■ INSTRUCTIONS TO FOLLOW ■
The data below is to be written out exactly, with no pictures.

■ MATERIAL PROVIDED ■
○ ○ ○

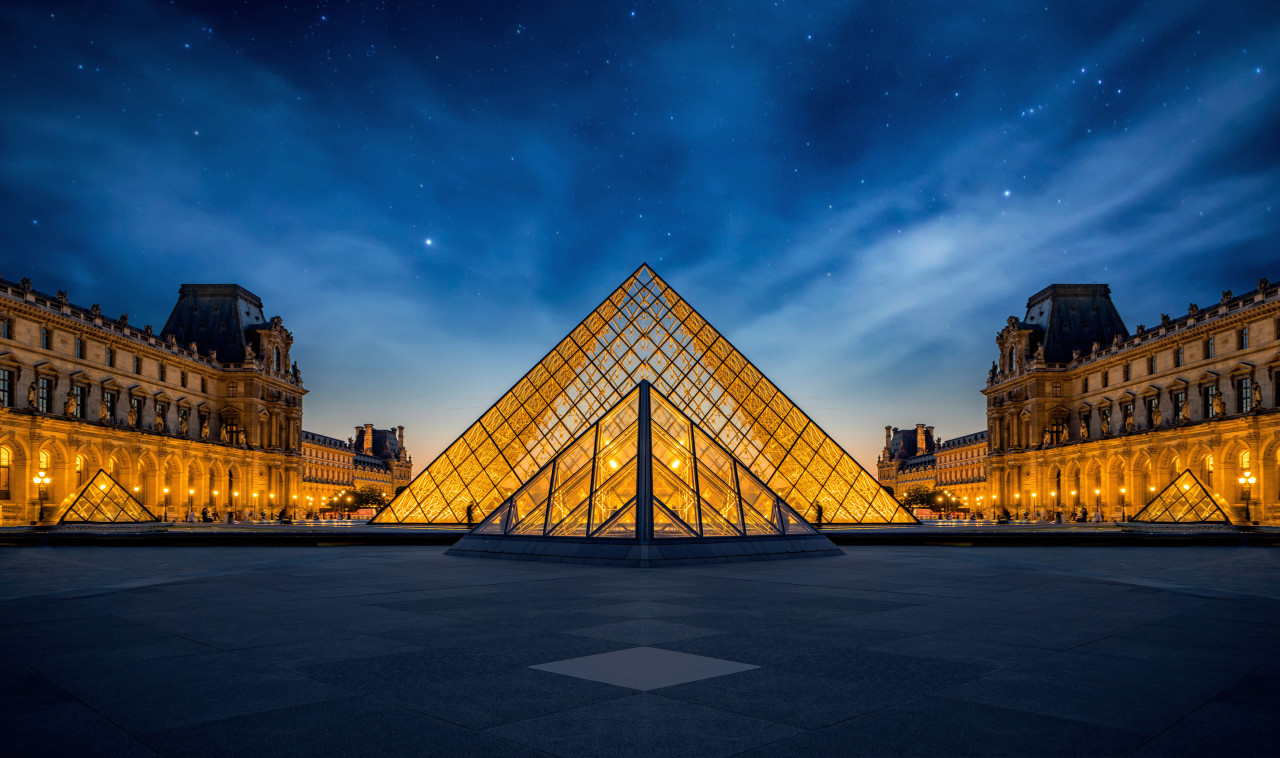 Panoramic View Louvre Museum 1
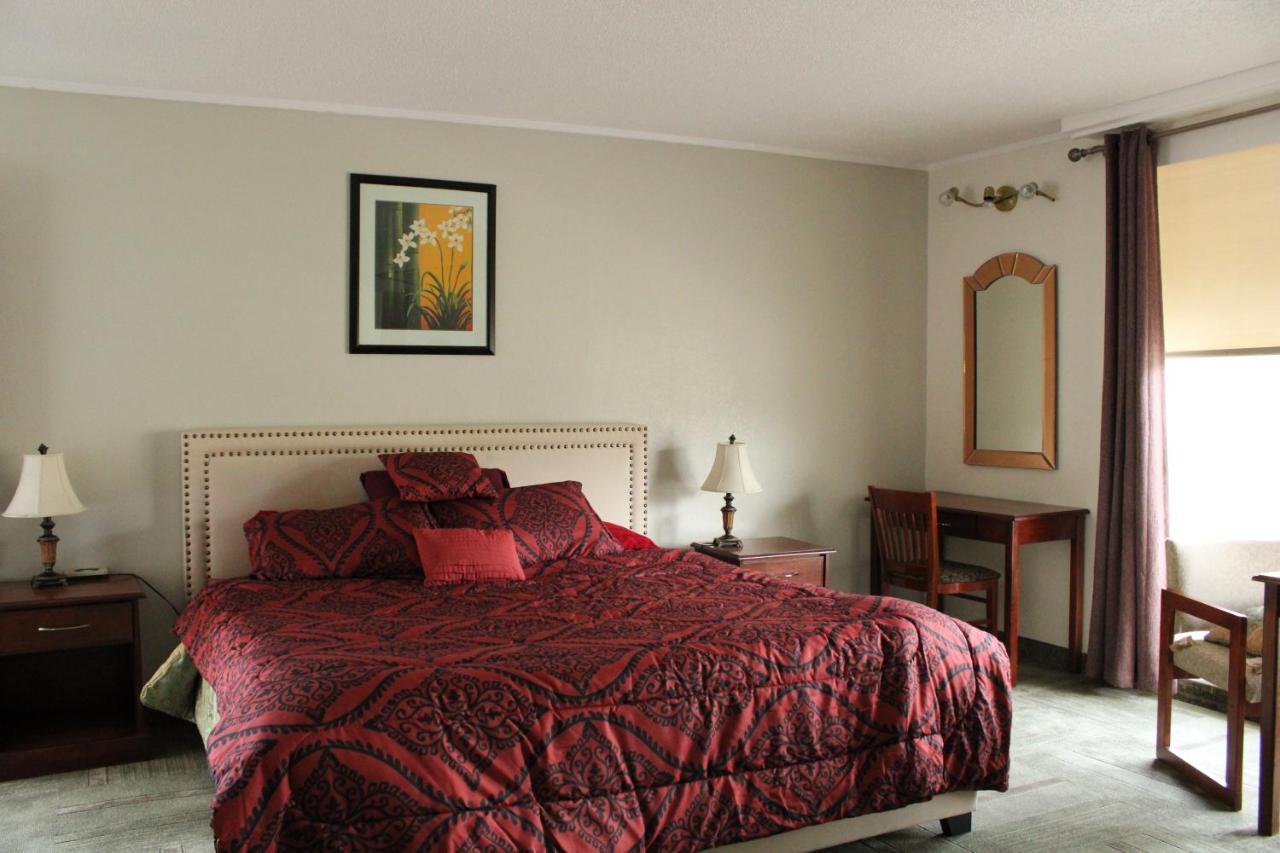 American Travel Inn Pullman Esterno foto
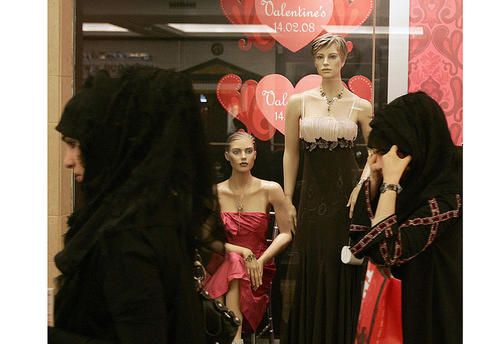 Σ. Αραβία: Μόνο οι γυναίκες θα εργάζονται στα καταστήματα γυναικείων εσωρούχων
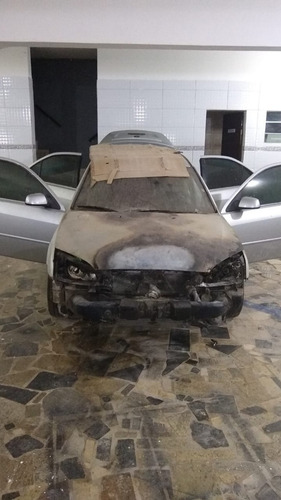 Ford Mondeo 2.0 Ghia 4p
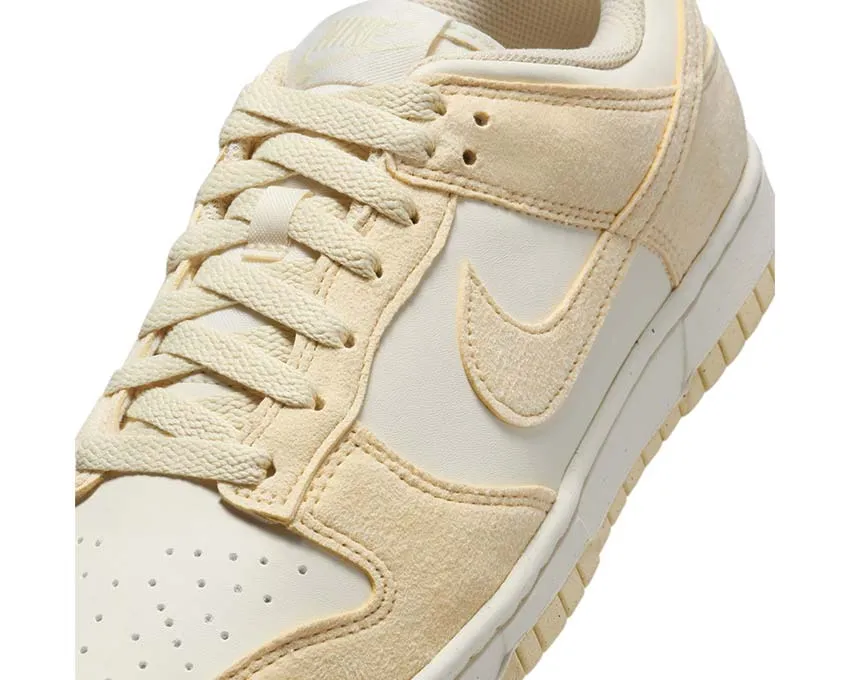 Nike Dunk Low "Pale Ivory" Stable Feel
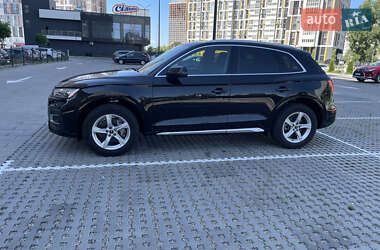 Внедорожник / Кроссовер Audi Q5 2022 в 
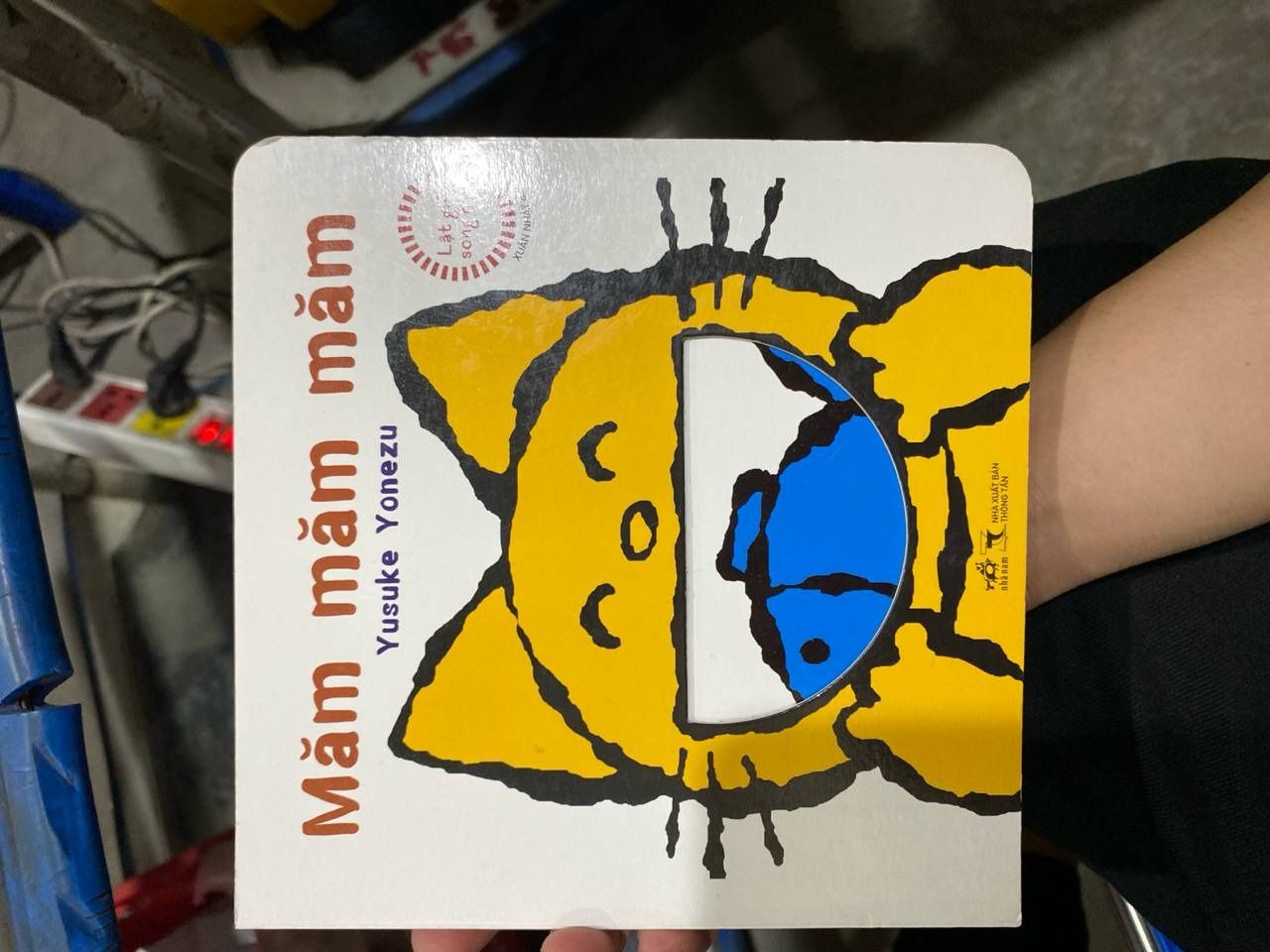 Lật giở song ngữ - MĂM MĂM MĂM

○ ○ ○

■ EXPECTED ANSWER ■
 Panoramic View Louvre Museum 1
 American Travel Inn Pullman Esterno foto
 Σ. Αραβία: Μόνο οι γυναίκες θα εργάζονται στα καταστήματα γυναικείων εσωρούχων
 Ford Mondeo 2.0 Ghia 4p
 Nike Dunk Low "Pale Ivory" Stable Feel
 Внедорожник / Кроссовер Audi Q5 2022 в 
 Lật giở song ngữ - MĂM MĂM MĂM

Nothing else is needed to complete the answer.